- Task goal:
Leaving out every picture, output the records below exactly as they are.

Pictures with short captions
Start of Block

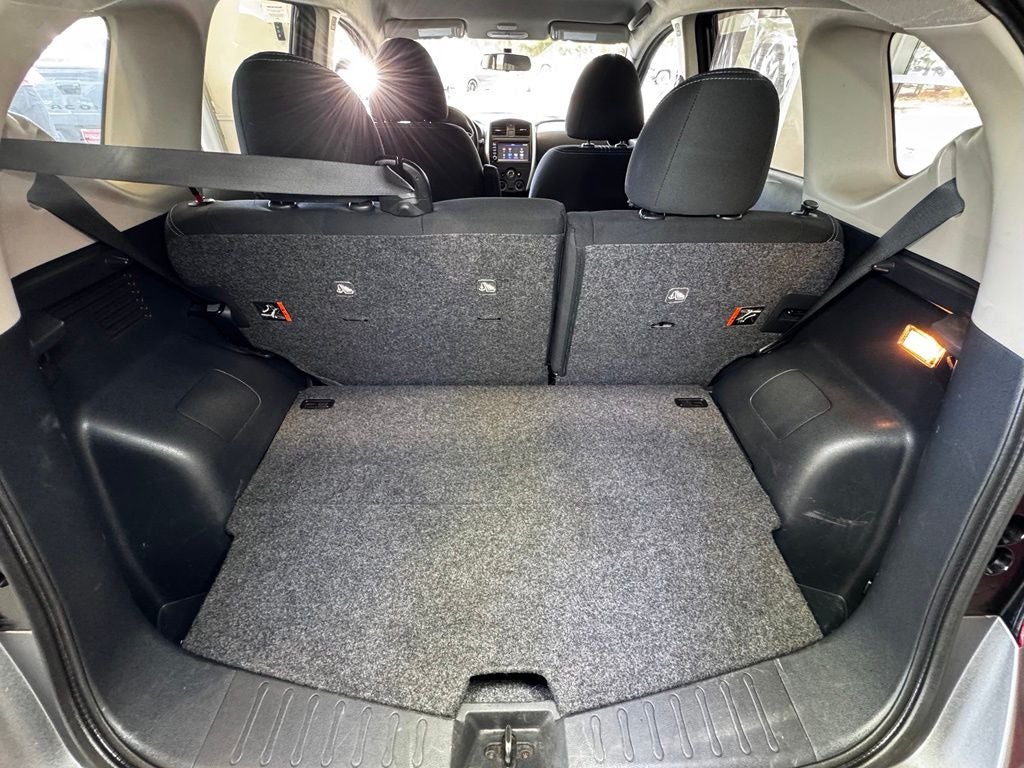 2018 Nissan Versa Note SV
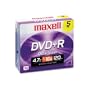 16x DVD+R Media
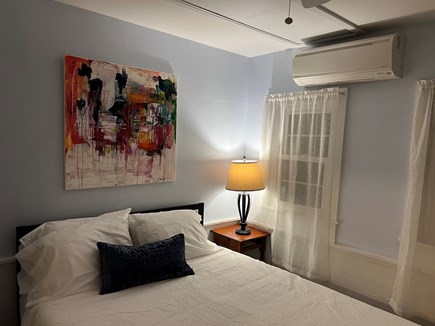 Wellfleet Cape Cod vacation rental - Upstairs bedroom 1 queen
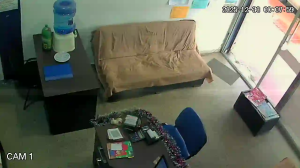 Caméra IP - Bolivia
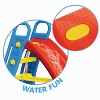 Dolu: Big Colorful Plastic Outdoor Lawn Water Slide, Ages 2+ - image 3 of 4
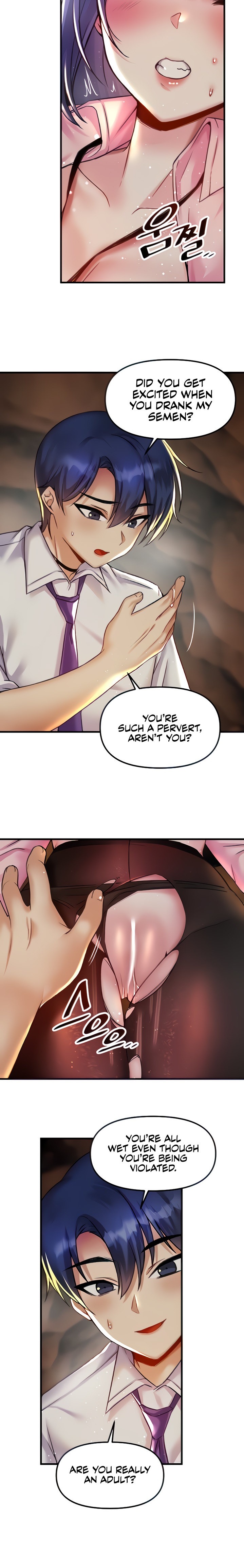 Trapped in the Academy’s Eroge - Chapter 30 [photo 6] - MangaPorn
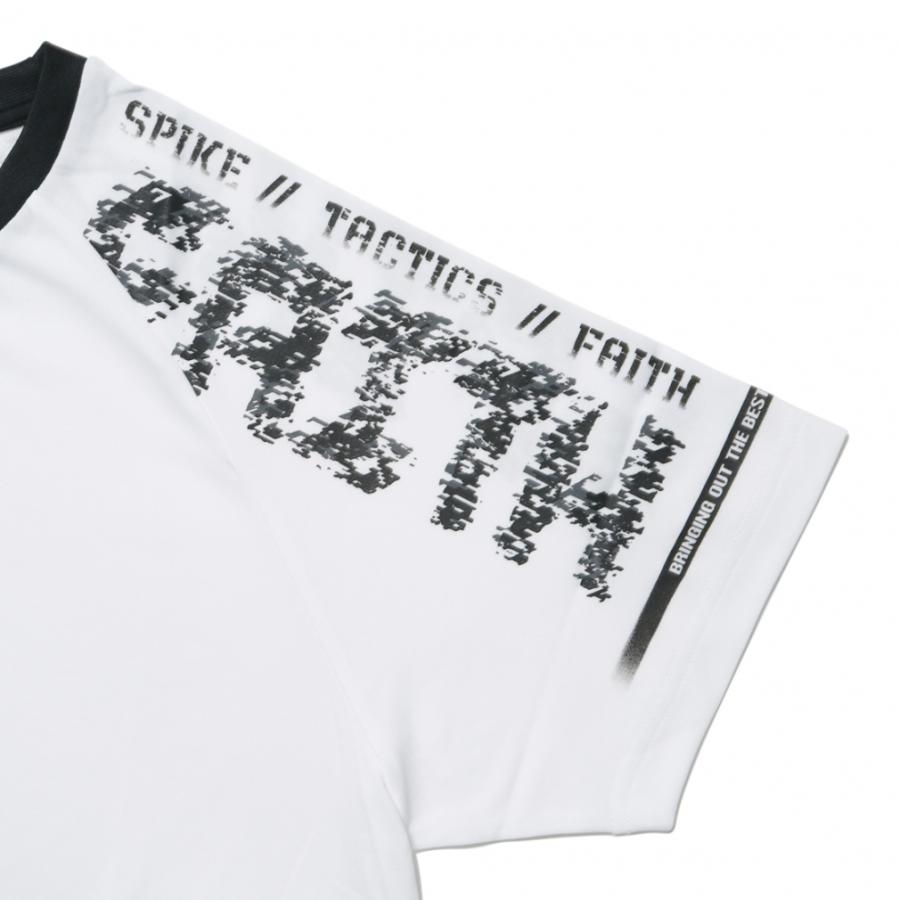 TIGORA（ティゴラ） メンズ レディス バレーボール 半袖Tシャツ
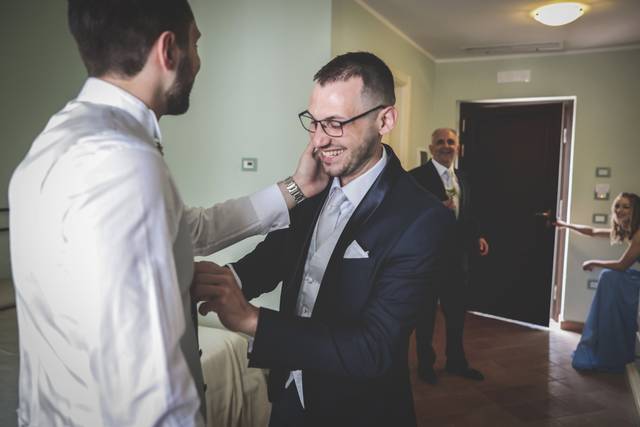 Le nozze di Giusy e Fabrizio 2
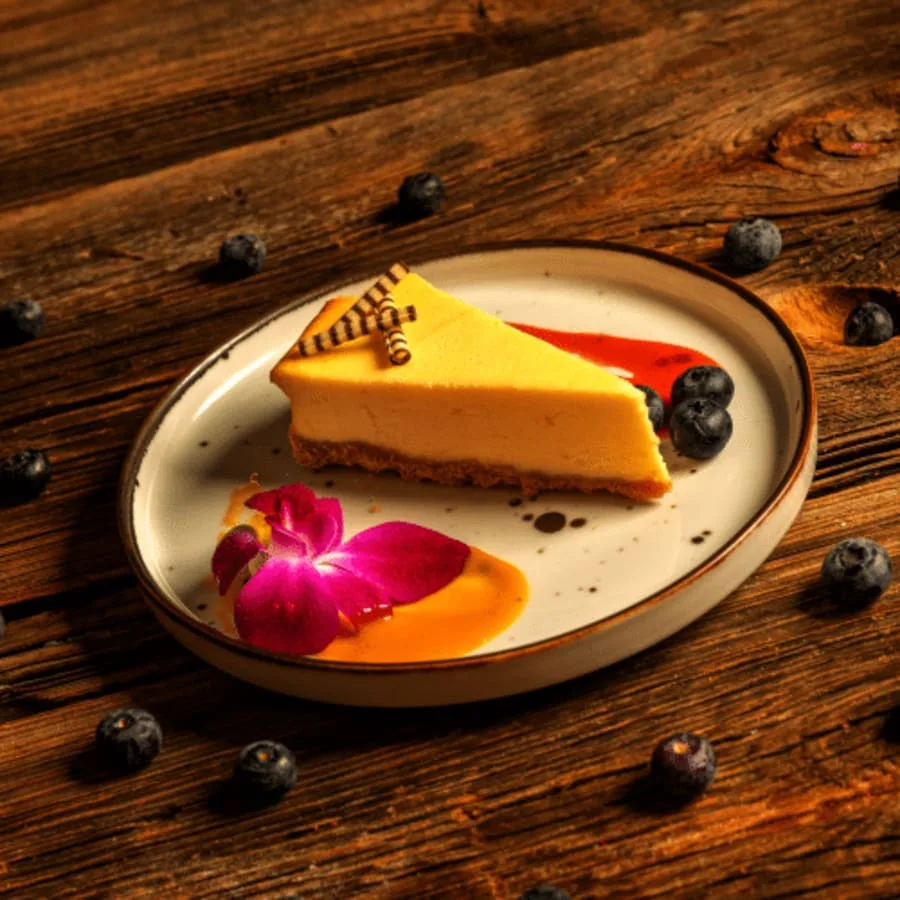 NEW YORK CHEESECAKE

End of Block

- Task solution:
 2018 Nissan Versa Note SV
 16x DVD+R Media
 Wellfleet Cape Cod vacation rental - Upstairs bedroom 1 queen
 Caméra IP - Bolivia
 Dolu: Big Colorful Plastic Outdoor Lawn Water Slide, Ages 2+ - image 3 of 4
 Trapped in the Academy’s Eroge - Chapter 30 [photo 6] - MangaPorn
 TIGORA（ティゴラ） メンズ レディス バレーボール 半袖Tシャツ
 Le nozze di Giusy e Fabrizio 2
 NEW YORK CHEESECAKE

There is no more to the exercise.